## [What you need to do]
Write out each line of the entries exactly, starting at the first and finishing with the line that contains "EATON CUTLER HAMMER".

——————

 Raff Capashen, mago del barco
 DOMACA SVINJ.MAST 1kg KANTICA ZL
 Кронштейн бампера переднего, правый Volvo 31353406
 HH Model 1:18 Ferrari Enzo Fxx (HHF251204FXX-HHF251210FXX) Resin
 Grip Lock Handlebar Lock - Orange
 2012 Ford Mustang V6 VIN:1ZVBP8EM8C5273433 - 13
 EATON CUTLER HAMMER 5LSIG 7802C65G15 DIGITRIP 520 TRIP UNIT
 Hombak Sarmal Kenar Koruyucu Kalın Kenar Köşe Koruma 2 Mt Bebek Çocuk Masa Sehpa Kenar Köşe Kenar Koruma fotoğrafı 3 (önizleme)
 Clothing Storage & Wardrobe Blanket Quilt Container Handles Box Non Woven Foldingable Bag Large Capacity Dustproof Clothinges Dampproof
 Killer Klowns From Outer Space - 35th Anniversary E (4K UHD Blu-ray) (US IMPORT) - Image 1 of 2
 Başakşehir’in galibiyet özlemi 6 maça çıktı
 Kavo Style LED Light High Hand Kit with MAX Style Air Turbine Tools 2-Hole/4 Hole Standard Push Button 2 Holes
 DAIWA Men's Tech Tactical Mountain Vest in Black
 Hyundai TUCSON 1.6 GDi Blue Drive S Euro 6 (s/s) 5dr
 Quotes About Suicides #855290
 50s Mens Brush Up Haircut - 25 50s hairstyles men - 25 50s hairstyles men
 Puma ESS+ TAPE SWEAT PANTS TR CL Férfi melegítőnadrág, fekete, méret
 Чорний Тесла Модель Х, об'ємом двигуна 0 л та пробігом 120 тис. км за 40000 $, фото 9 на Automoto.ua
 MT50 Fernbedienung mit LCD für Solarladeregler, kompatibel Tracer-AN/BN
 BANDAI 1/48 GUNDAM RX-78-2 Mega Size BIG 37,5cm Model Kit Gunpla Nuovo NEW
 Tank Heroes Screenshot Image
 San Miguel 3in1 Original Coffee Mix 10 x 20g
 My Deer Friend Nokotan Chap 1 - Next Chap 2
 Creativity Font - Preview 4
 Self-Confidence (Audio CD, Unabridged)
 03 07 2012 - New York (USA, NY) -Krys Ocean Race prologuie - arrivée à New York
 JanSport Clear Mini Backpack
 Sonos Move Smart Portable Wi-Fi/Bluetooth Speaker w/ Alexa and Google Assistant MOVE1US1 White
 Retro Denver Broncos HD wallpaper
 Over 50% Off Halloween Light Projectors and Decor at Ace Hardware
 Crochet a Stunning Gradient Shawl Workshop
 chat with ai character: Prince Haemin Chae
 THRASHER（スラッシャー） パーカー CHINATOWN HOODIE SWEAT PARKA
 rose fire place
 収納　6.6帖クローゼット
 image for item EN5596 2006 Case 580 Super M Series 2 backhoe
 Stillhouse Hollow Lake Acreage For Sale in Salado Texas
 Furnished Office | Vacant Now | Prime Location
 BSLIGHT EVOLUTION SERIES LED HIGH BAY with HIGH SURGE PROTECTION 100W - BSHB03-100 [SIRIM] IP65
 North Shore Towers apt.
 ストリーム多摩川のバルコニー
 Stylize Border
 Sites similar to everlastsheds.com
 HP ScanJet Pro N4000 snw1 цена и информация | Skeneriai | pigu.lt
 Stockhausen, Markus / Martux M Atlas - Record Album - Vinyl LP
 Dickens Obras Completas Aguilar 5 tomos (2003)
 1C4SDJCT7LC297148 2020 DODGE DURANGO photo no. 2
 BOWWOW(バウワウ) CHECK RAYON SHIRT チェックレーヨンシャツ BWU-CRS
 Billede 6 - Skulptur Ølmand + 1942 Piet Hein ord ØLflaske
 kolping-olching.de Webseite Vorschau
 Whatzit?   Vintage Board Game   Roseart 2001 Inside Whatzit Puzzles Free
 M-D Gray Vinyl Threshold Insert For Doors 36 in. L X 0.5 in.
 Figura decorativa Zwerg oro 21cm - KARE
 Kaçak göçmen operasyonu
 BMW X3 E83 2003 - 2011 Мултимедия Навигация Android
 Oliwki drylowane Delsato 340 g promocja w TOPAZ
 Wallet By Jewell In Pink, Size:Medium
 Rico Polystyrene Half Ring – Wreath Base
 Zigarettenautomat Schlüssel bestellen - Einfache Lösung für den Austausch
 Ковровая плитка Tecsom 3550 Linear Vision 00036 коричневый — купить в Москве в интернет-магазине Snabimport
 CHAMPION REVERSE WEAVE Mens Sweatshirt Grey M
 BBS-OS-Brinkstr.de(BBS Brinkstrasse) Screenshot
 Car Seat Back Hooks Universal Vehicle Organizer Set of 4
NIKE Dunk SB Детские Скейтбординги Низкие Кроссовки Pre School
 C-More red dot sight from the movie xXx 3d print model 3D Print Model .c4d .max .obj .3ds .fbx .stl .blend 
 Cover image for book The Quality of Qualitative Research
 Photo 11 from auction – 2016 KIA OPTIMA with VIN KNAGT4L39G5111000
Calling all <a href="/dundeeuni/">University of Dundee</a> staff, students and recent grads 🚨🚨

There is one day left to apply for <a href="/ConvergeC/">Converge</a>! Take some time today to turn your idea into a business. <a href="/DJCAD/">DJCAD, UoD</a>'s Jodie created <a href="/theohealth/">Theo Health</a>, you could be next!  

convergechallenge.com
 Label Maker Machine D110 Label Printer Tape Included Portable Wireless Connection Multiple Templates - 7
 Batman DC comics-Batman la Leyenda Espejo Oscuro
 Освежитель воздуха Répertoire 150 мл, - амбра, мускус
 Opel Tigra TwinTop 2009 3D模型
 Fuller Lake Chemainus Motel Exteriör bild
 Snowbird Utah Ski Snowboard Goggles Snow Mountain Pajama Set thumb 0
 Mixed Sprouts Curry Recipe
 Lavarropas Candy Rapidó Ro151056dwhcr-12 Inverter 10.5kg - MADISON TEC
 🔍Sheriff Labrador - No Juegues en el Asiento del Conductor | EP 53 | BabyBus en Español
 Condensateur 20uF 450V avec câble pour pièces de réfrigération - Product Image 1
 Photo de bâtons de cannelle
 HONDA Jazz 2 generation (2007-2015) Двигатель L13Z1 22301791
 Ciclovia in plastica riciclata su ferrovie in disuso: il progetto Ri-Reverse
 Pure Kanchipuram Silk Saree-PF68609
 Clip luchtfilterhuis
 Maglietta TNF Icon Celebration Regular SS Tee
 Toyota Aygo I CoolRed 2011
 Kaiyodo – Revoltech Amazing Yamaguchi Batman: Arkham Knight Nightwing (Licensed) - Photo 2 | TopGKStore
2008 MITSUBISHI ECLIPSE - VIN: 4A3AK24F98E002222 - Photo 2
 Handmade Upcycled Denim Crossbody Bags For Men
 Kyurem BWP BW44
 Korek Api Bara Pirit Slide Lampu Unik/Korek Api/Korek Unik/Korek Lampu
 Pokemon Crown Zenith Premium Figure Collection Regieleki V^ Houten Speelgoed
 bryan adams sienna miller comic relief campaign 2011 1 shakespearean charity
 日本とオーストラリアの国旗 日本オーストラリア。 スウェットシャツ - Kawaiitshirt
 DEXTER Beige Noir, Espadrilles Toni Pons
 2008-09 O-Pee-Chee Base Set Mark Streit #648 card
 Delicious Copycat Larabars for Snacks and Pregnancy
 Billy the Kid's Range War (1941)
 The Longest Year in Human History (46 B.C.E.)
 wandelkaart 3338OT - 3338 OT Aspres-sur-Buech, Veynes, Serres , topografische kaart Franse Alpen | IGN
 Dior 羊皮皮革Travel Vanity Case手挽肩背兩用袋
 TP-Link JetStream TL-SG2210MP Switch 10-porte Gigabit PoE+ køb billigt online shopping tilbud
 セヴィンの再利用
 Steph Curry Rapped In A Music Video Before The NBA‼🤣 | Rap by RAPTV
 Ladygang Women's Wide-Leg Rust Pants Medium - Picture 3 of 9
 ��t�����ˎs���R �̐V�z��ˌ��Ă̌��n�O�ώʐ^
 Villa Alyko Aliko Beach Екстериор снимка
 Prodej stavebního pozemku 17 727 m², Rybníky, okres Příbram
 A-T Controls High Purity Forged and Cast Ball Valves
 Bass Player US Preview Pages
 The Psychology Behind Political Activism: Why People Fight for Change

——————

## [Response for this exercise]
 Raff Capashen, mago del barco
 DOMACA SVINJ.MAST 1kg KANTICA ZL
 Кронштейн бампера переднего, правый Volvo 31353406
 HH Model 1:18 Ferrari Enzo Fxx (HHF251204FXX-HHF251210FXX) Resin
 Grip Lock Handlebar Lock - Orange
 2012 Ford Mustang V6 VIN:1ZVBP8EM8C5273433 - 13
 EATON CUTLER HAMMER 5LSIG 7802C65G15 DIGITRIP 520 TRIP UNIT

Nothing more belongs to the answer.